Creating precise, high-quality images often involves endless trial and error. You need a model that actually understands what you’re asking for.
Built on the Gemini 3 family of models, Nano Banana models apply deep reasoning capabilities to fully understand your prompt before generating an image. So we spent weeks testing Nano Banana 2 and Nano Banana Pro against every use case we could imagine to test its limits.
We put together this guide to share exactly what we learned and how you can get the best results.
What you’ll learn in this guide:
-
Model overview
-
Full breakdown of tech specs
-
Best practices for effective prompting
-
Prompting frameworks
-
How Nano Banana works with other creative models, Veo and Lyria.
Model overview
Nano Banana models are advanced image generation and editing models that use real-world knowledge and deep reasoning capabilities to deliver precise, rich visual results. Most recently, we announced Nano Banana 2, which shines in three ways:
-
More accurate visuals: Nano Banana 2 is powered by real-time information and images from web search. This means better educational tools, localized marketing, travel apps, and more.
-
Fast, Pro-level features: We’ve unlocked premium features – from text rendering and translations, to upscaling to 2K/4K. Now, your creative teams can build cohesive narratives, storyboards, and product mockups.
-
Precision control: Generate or edit images to fit any project requirement, with native support for 16:9, 9:16, 2:1, and more. Expect vibrant lighting and richer textures, whether you’re generating posters, marketing mockups, or ads.
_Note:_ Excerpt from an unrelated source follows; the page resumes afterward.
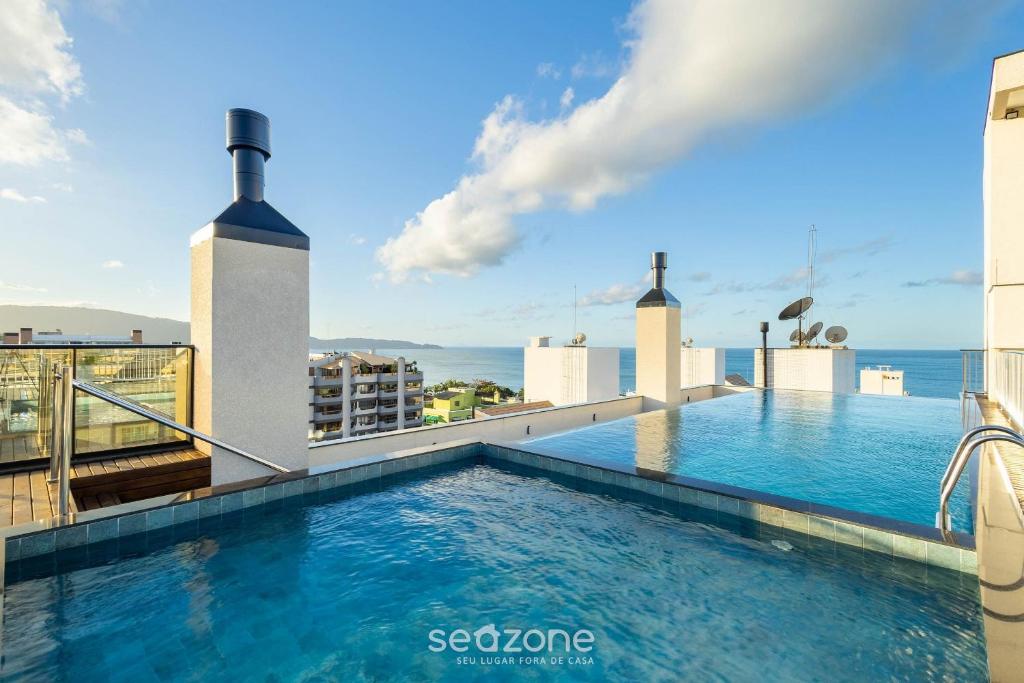 Kolam renang di atau dekat dengan Studio c/ churrasqueira a 220m da Praia SFR0302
Breakdown of tech specs for Nano Banana 2 and Nano Banana Pro
Before diving into prompting, here is a breakdown of what the models can handle via the API and Vertex AI (for latest details, always check the official Gemini 3 Pro Image and Gemini 3.1 Flash Image documentation):
-
Context windows: Gemini 3.1 Flash Image (Nano Banana 2) supports a maximum of 131,072 input tokens , while Gemini 3 Pro Image (Nano Banana Pro) supports a maximum of 65,536 input tokens. Both models support a maximum of 32,768 output tokens.
-
Resolutions: Built-in generation capabilities for 1K, 2K, and 4K visuals. Gemini 3.1 Flash Image adds the smaller 512px (0.5K) resolution.
-
Aspect ratios: Both models support 1:1, 3:2, 2:3, 3:4, 4:3, 4:5, 5:4, 9:16, 16:9, and 21:9. Gemini 3.1 Flash Image Preview also adds 1:4, 4:1, 1:8, and 8:1 aspect ratios.
-
Image inputs: You can mix up to 14 reference object images in a single prompt. Supported MIME types include image/png, image/jpeg, image/webp, image/heic, and image/heif.
-
Document inputs: You can input text and pdf files. The maximum file size per file is 50 MB for API and Cloud Storage imports, or 7 MB for direct uploads through the Google Cloud console.
-
Outputs: Both models output text and images.
-
Model knowledge base: Both models have a knowledge cutoff date of January 2025.
-
Live data: Both models are powered by real-time information from web search
-
Trust & safety: All generated images include C2PA Content Credentials and a SynthID watermark.
To see top features examples, check out this blog.
Best practices for effective prompting
When it comes to effective prompting, there’s a few ways to ensure the visual you get is the visual you asked for. Here are some guidelines:
-
Be specific: Provide concrete details on subject, lighting, and composition.
-
Use positive framing: Describe what you want, not what you don’t want (e.g. “empty street” instead of “no cars”).
-
Control the camera: Use photographic and cinematic terms like “low angle” and “aerial view”.
-
Iterate: Refine images with follow-up prompts in a conversational manner.
The key is to start a prompt with a strong verb that tells the model the primary operation you want to perform.
Five prompting frameworks
1. Image generation
When generating an image, your prompt structure depends entirely on whether you are using reference images or relying solely on text.
Text-to-image generation without references
When starting with a blank canvas, you are the director. A simple list of keywords won’t cut it; you need to describe the scene narratively.
Formula: [Subject] + [Action] + [Location/context] + [Composition] + [Style]
Example prompt: [Subject] A striking fashion model wearing a tailored brown dress, sleek boots, and holding a structured handbag. [Action] Posing with a confident, statuesque stance, slightly turned. [Location/context] A seamless, deep cherry red studio backdrop. [Composition] Medium-full shot, center-framed. [Style] Fashion magazine style editorial, shot on medium-format analog film, pronounced grain, high saturation, cinematic lighting effect.